Data to process:
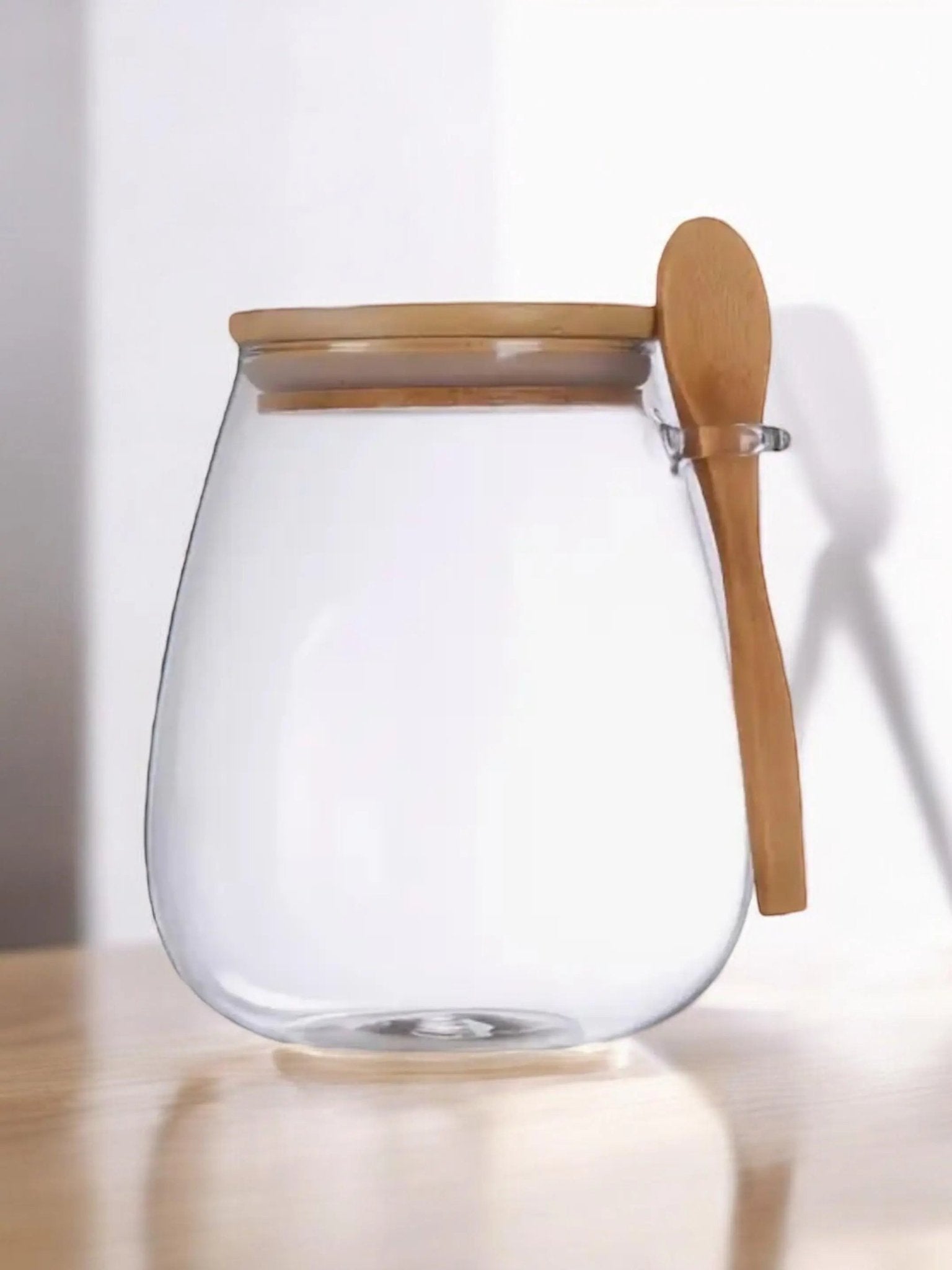 Round Glass Jar With Wooden Lid and Spoon - Kitchen & DiningKitchen & Dining - Lulu Loves Home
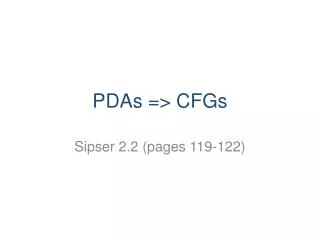 PDAs =&gt; CFGs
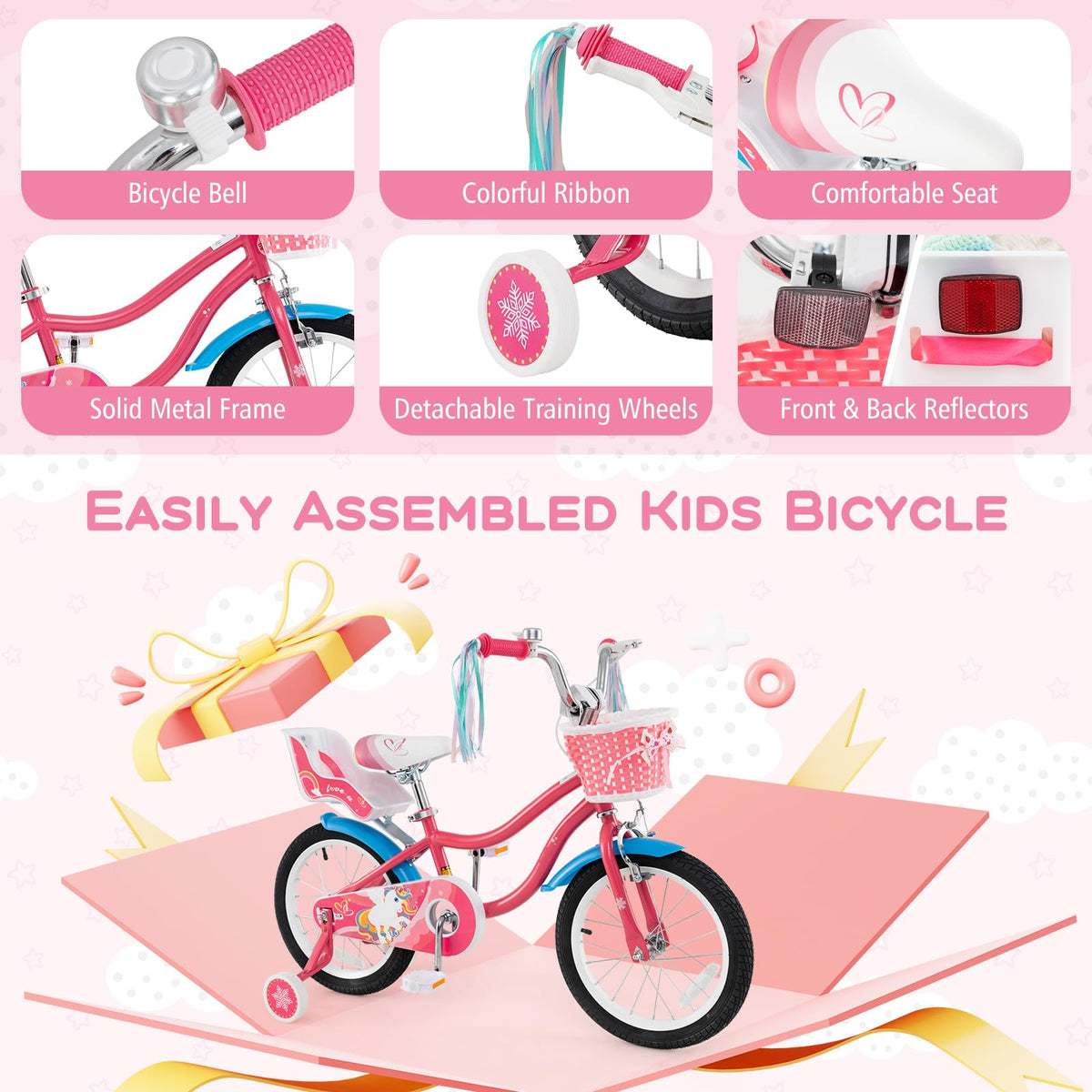 Girls Bike with Streamers & Doll-Seat Q293566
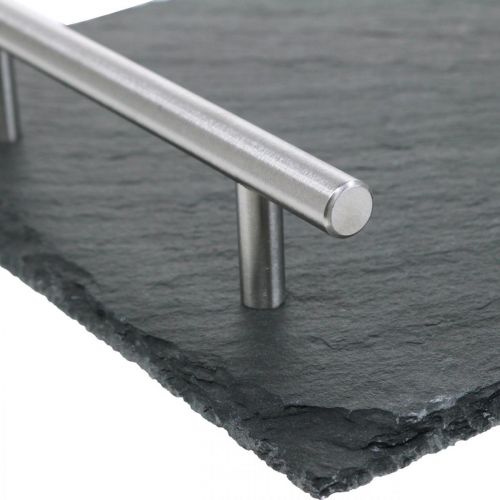 Floristik24 Schieferplatte mit Griffen, Dekotablett, Servierplatte 30x20cm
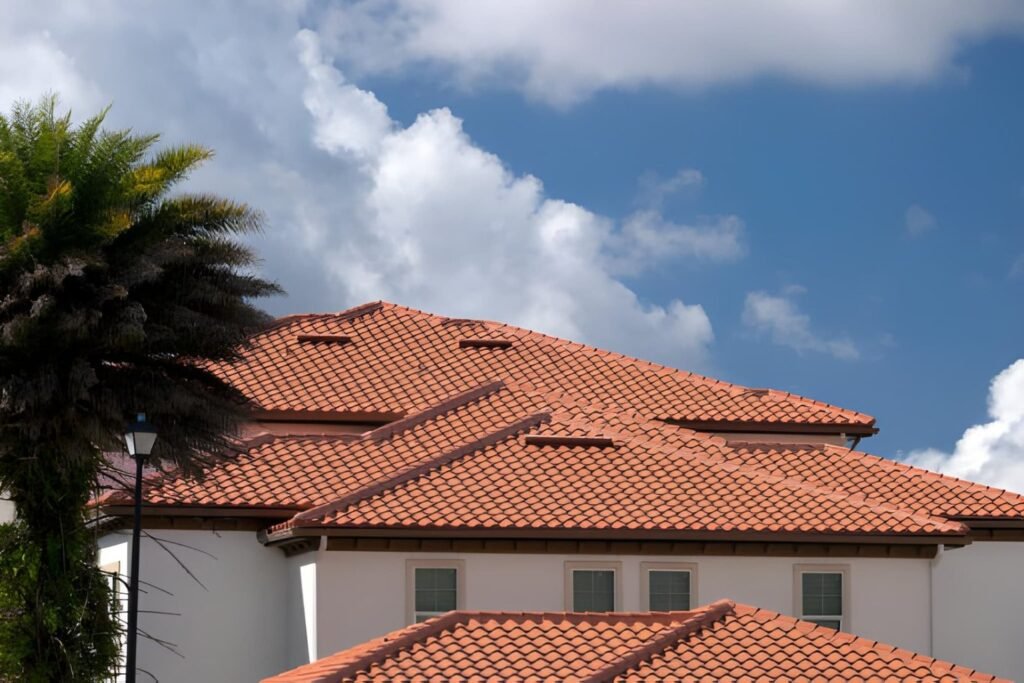Closeup of house rooftop covered with ceramic shingles. (1)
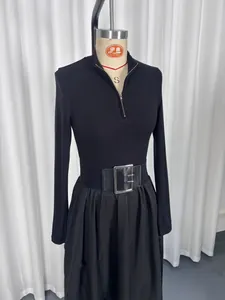 Elegant French style black long-sleeve dress with V-neck zipper and wide belt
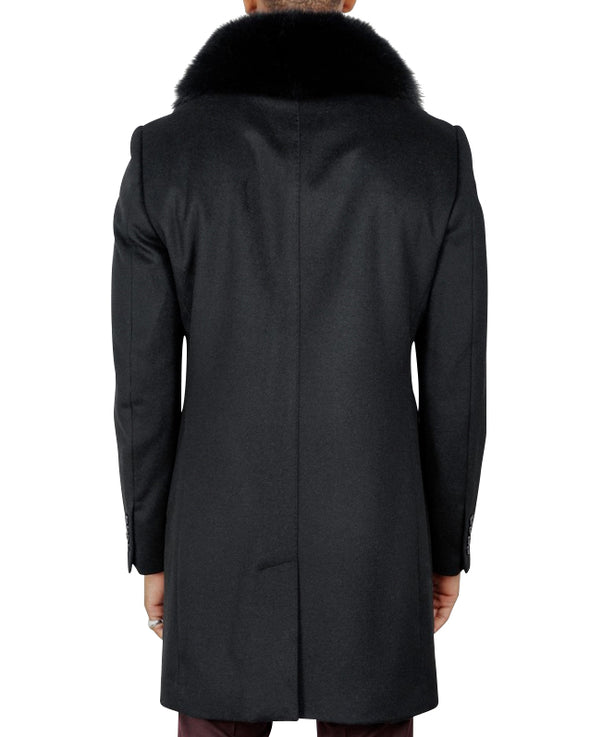 DuPonte Black Coat with Black Fox Collar
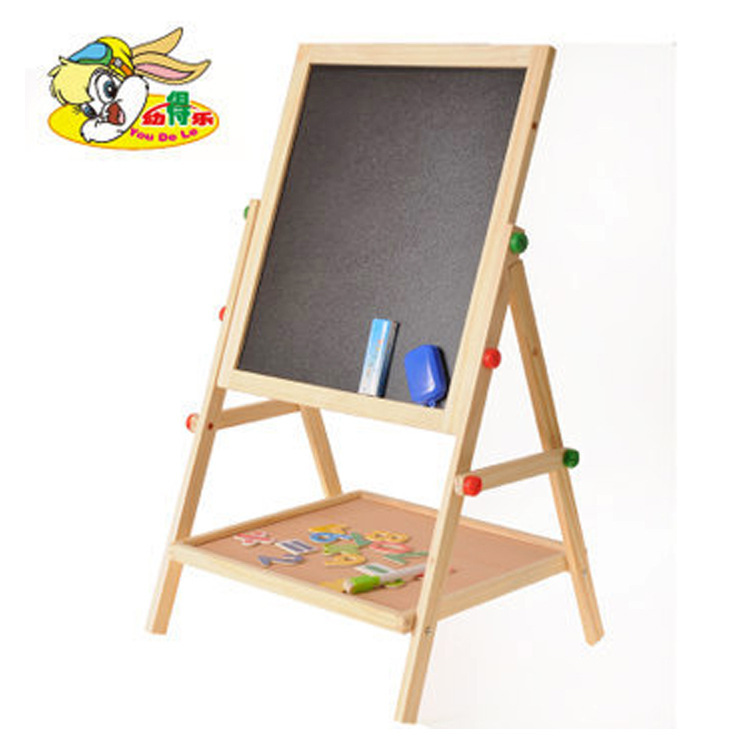 Tablero de dibujo multifuncional dos en uno para niños tablero de escritura de dibujo magnético tablero de dibujo de madera al por mayor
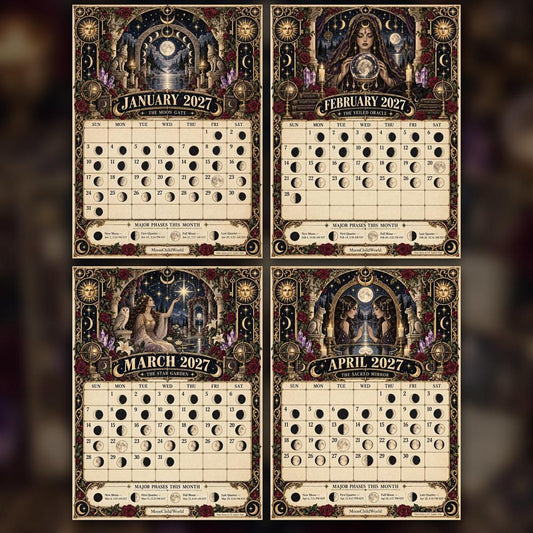 Tarot of the Moon 2027 Moon Calendar Printable - Lunar Arcana Tarot Wall Calendar, Accurate Moon Phases, Instant Digital
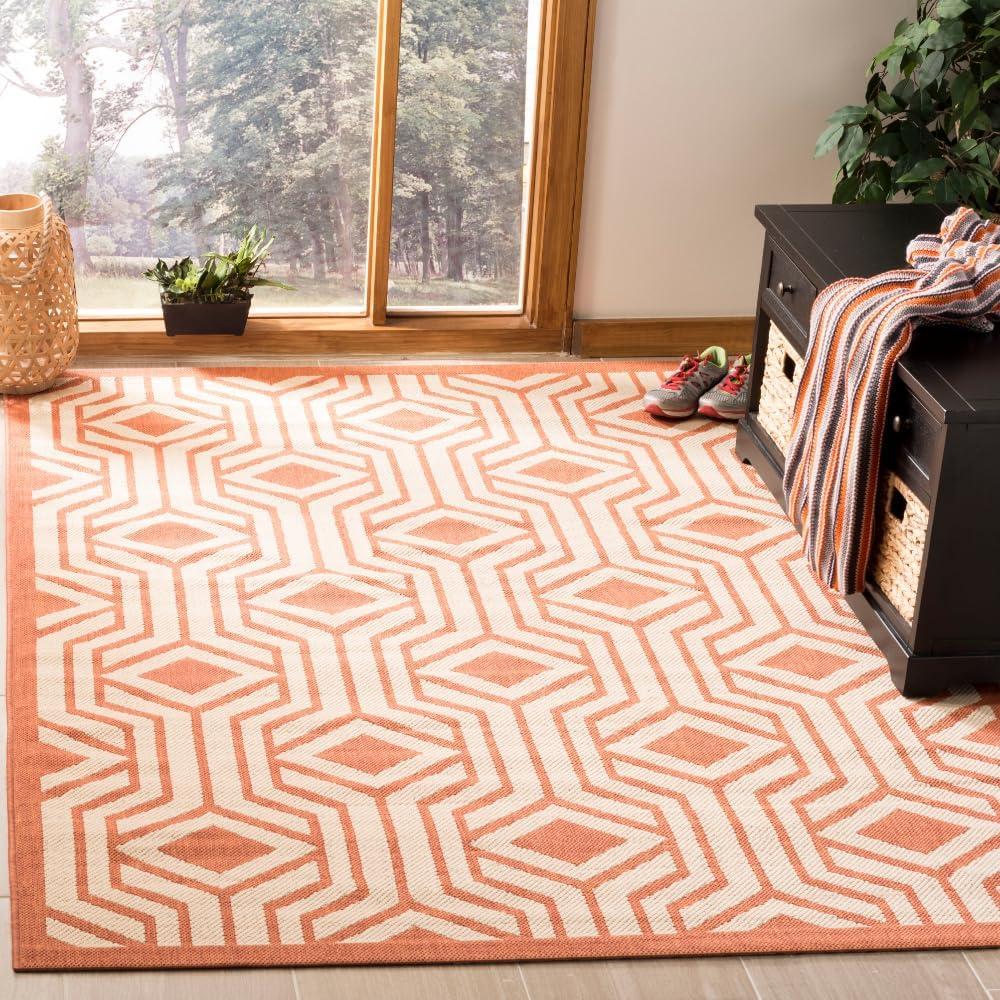 Courtyard CY6113 Power Loomed Indoor/Outdoor Area Rug - Beige/Terracotta - 6'7"x9'6" - Safavieh.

Task to complete:
Reproduce everything above exactly, images excluded.

Output:
 Round Glass Jar With Wooden Lid and Spoon - Kitchen & DiningKitchen & Dining - Lulu Loves Home
 PDAs =&gt; CFGs
 Girls Bike with Streamers & Doll-Seat Q293566
 Floristik24 Schieferplatte mit Griffen, Dekotablett, Servierplatte 30x20cm
Closeup of house rooftop covered with ceramic shingles. (1)
 Elegant French style black long-sleeve dress with V-neck zipper and wide belt
 DuPonte Black Coat with Black Fox Collar
 Tablero de dibujo multifuncional dos en uno para niños tablero de escritura de dibujo magnético tablero de dibujo de madera al por mayor
 Tarot of the Moon 2027 Moon Calendar Printable - Lunar Arcana Tarot Wall Calendar, Accurate Moon Phases, Instant Digital
 Courtyard CY6113 Power Loomed Indoor/Outdoor Area Rug - Beige/Terracotta - 6'7"x9'6" - Safavieh.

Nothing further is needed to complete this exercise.